* _WHAT THIS TASK INVOLVES_: Your answer must be an exact copy of the data, without any pictures.

* _EXERCISE DATA_:
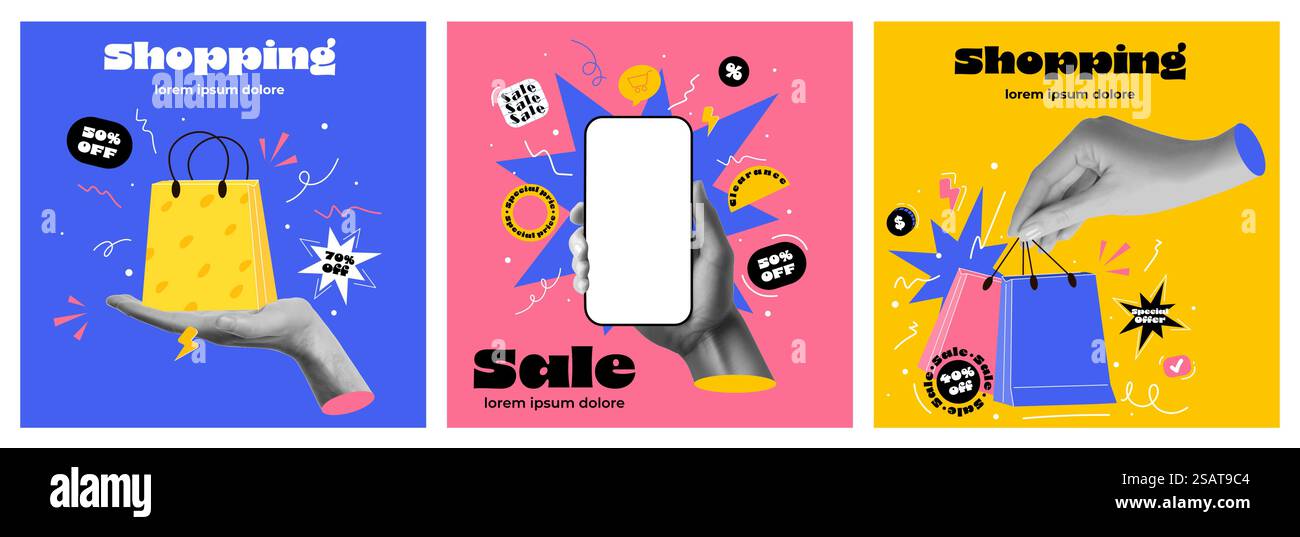 Shopping online o banner per servizi di consegna in colori vivaci e alla moda con mani collage che tengono borse della spesa e smartphone. Concetto di banner di vendita. Illustrazione vettoriale Illustrazione Vettoriale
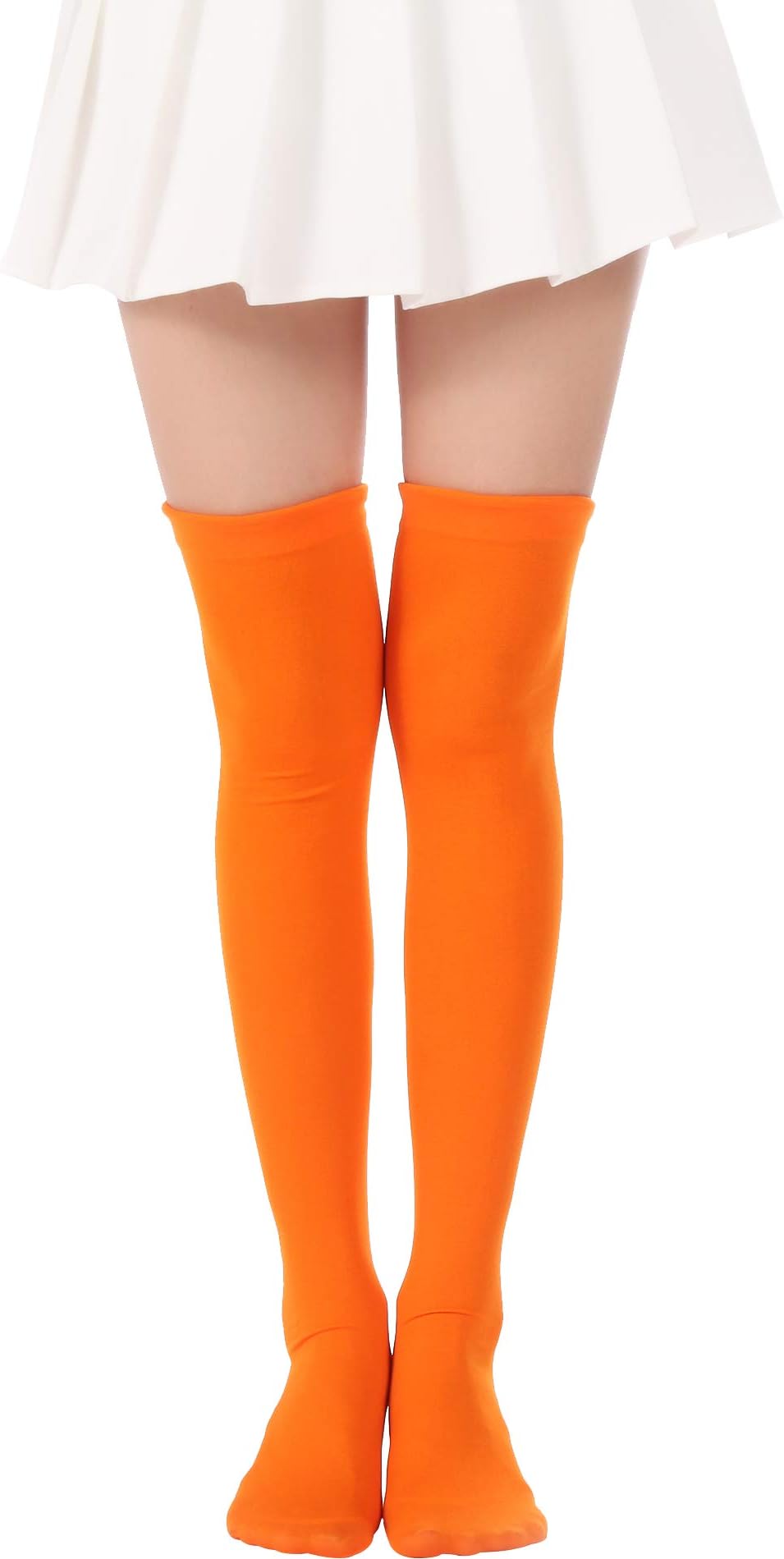 Over Knee Long Stockings Solid Thigh High Socks Opaque Costume Stockings Cosplay Knee-High Socks(00 Orange Stockings)
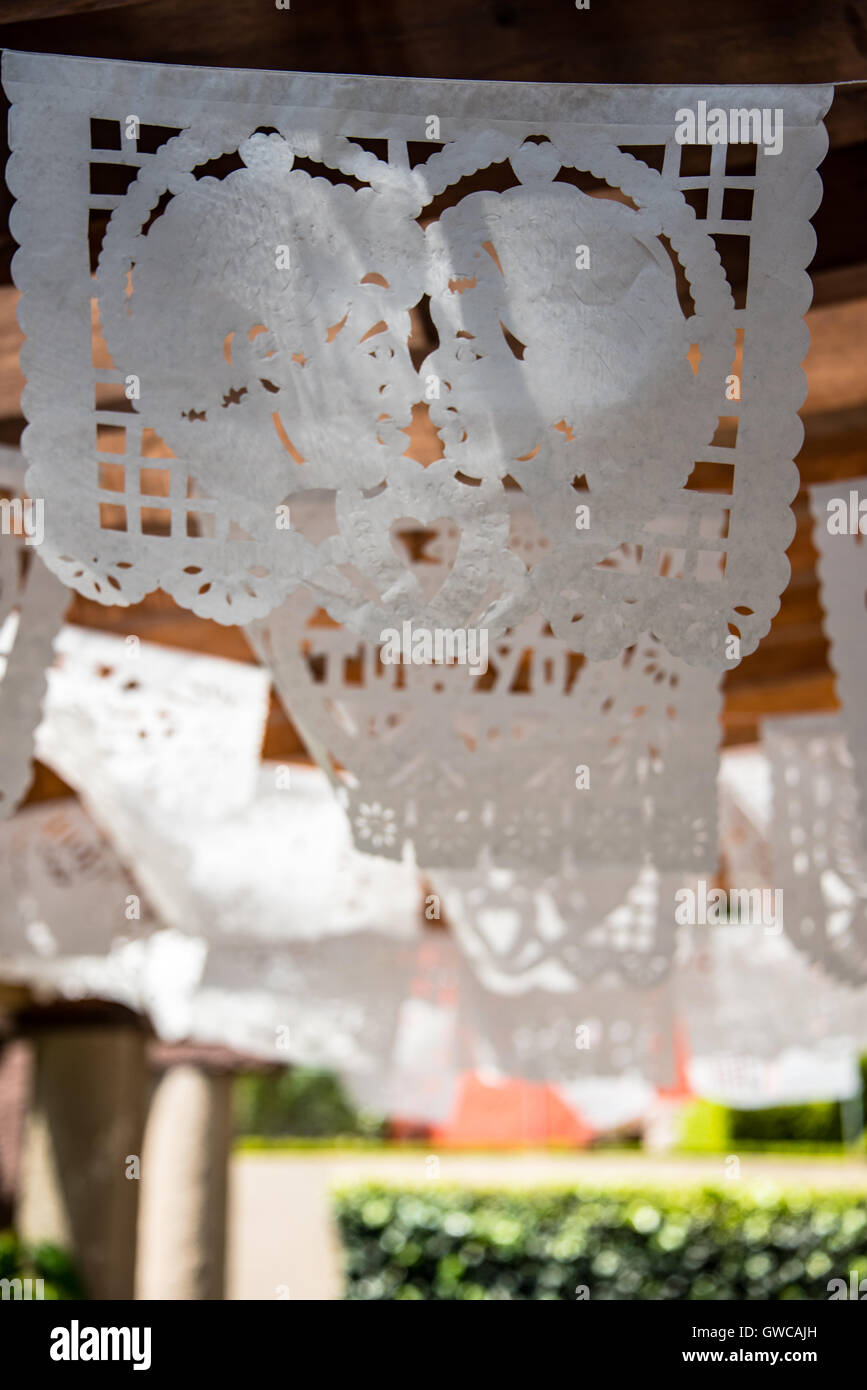 tissue paper banner wedding decoration, papel picado. Stock Photo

* _EXERCISE RESULT_:
 Shopping online o banner per servizi di consegna in colori vivaci e alla moda con mani collage che tengono borse della spesa e smartphone. Concetto di banner di vendita. Illustrazione vettoriale Illustrazione Vettoriale
 Over Knee Long Stockings Solid Thigh High Socks Opaque Costume Stockings Cosplay Knee-High Socks(00 Orange Stockings)
 tissue paper banner wedding decoration, papel picado. Stock Photo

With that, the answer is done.